_TASK STATEMENT_
Retype the entries, please, from their first line to the line containing "Cartoon Crewneck Pullover Pajamas Set-Black", exactly and only those lines, minus the pictures.

══ MATERIALS PROVIDED

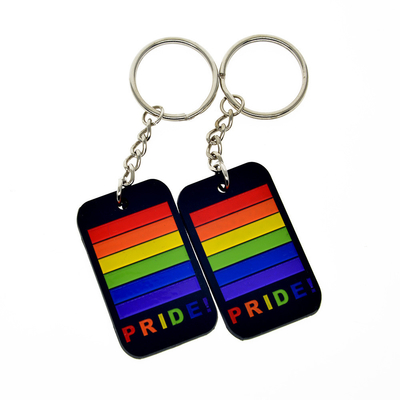 Логотип радуги Keychains мягкого гей-парада PVC силикона изготовленный на заказ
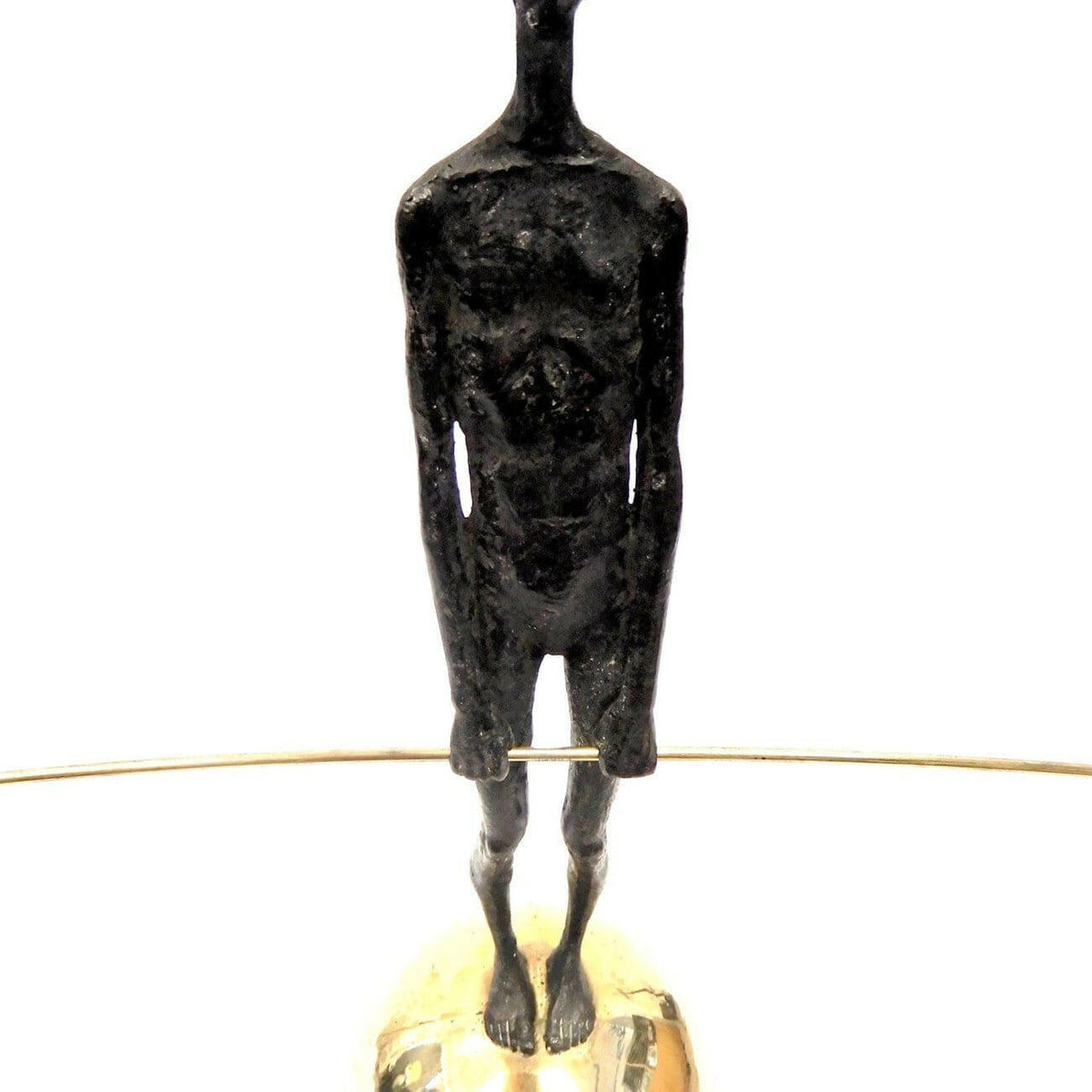 Bronze Figure On Sphere With Stick.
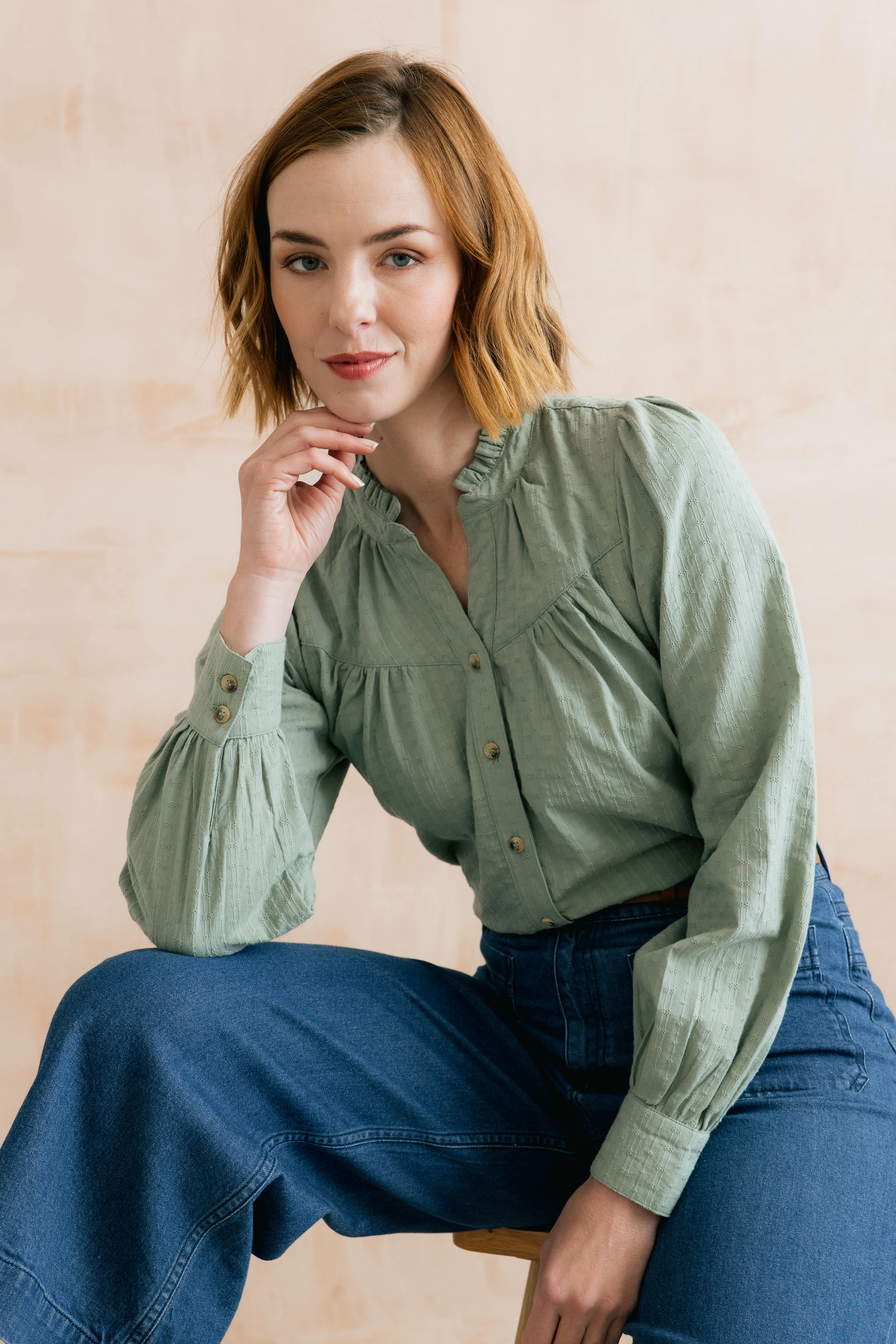 Wayfaring Embroidered Cotton Blouse Silver Sage - Image 6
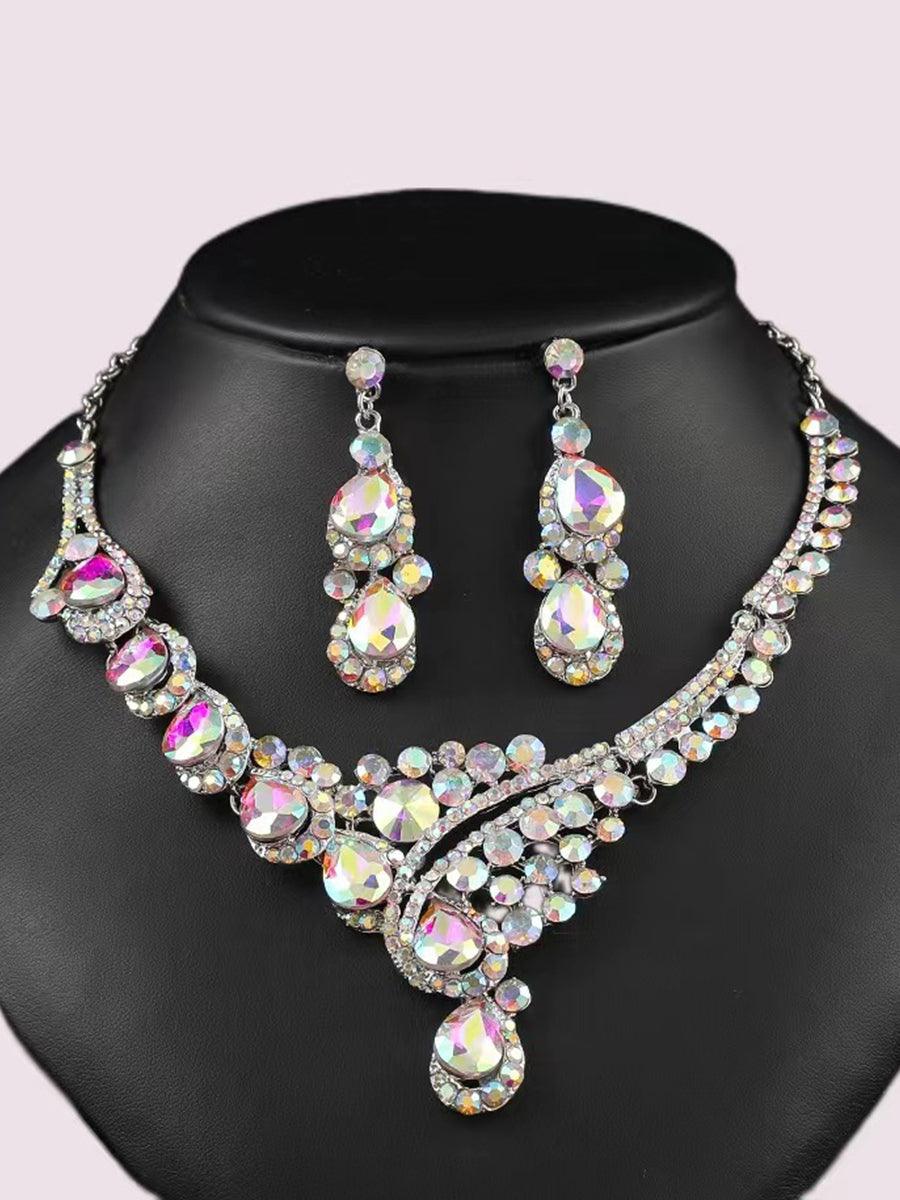 Full Diamonds Crystal Necklace Earrings Sett MRL20004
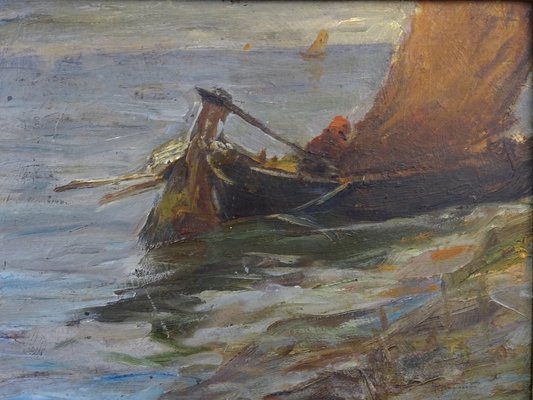 Pietro Fragiacomo, Vela, 1910s, Oil on Board, Framed-MLN-1383953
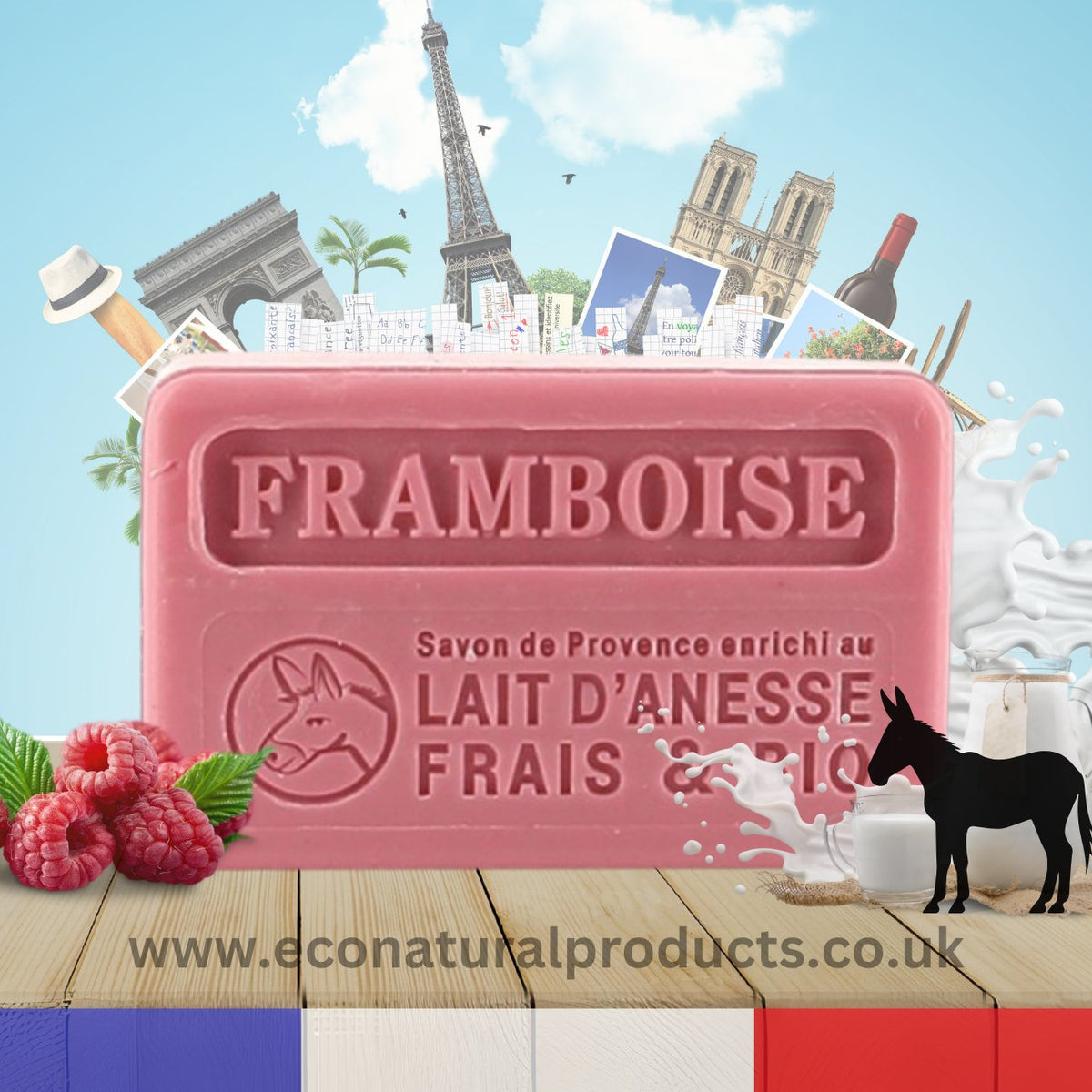 Donkey Milk Soap Raspberry 100g - FouFour - Savon de Marseille - Bar Soap - Eco Natural Products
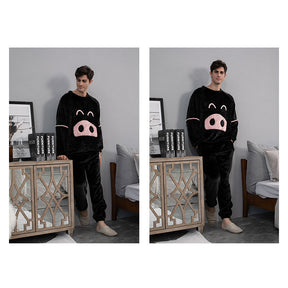 Cartoon Crewneck Pullover Pajamas Set-Black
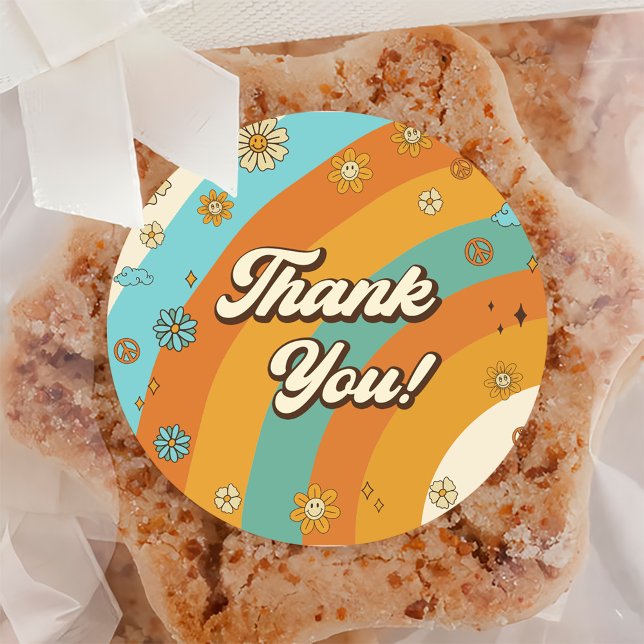 Pegatina Redonda Vamos a hacer el arcoiris retro Groovy primero cum (Subido por el creador)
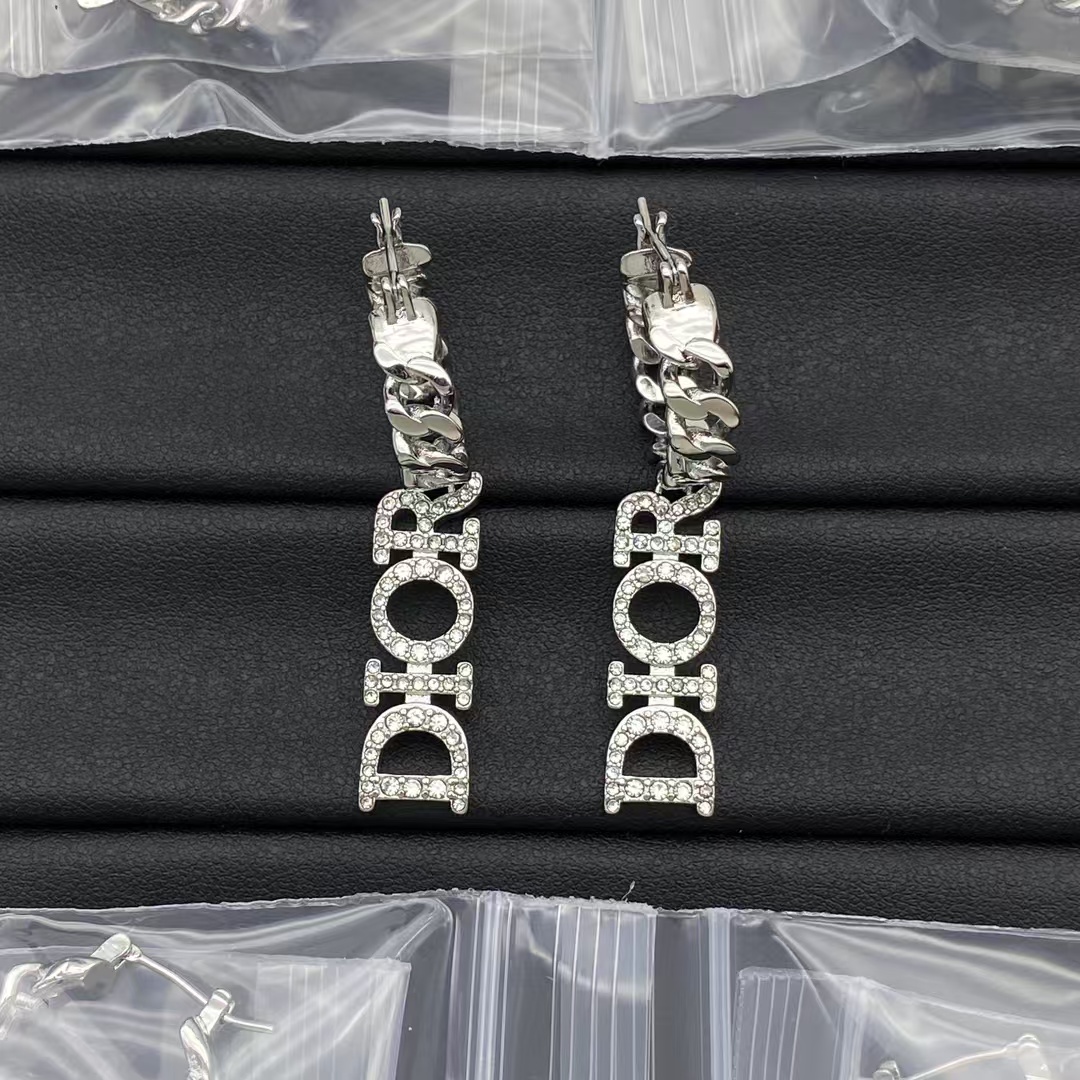Dior Dangle Hoop Chain Earrings - Best Replica Jewelry™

════

_OUTPUT OF THE EXERCISE_
 Логотип радуги Keychains мягкого гей-парада PVC силикона изготовленный на заказ
 Bronze Figure On Sphere With Stick.
 Wayfaring Embroidered Cotton Blouse Silver Sage - Image 6
 Full Diamonds Crystal Necklace Earrings Sett MRL20004
 Pietro Fragiacomo, Vela, 1910s, Oil on Board, Framed-MLN-1383953
 Donkey Milk Soap Raspberry 100g - FouFour - Savon de Marseille - Bar Soap - Eco Natural Products
 Cartoon Crewneck Pullover Pajamas Set-Black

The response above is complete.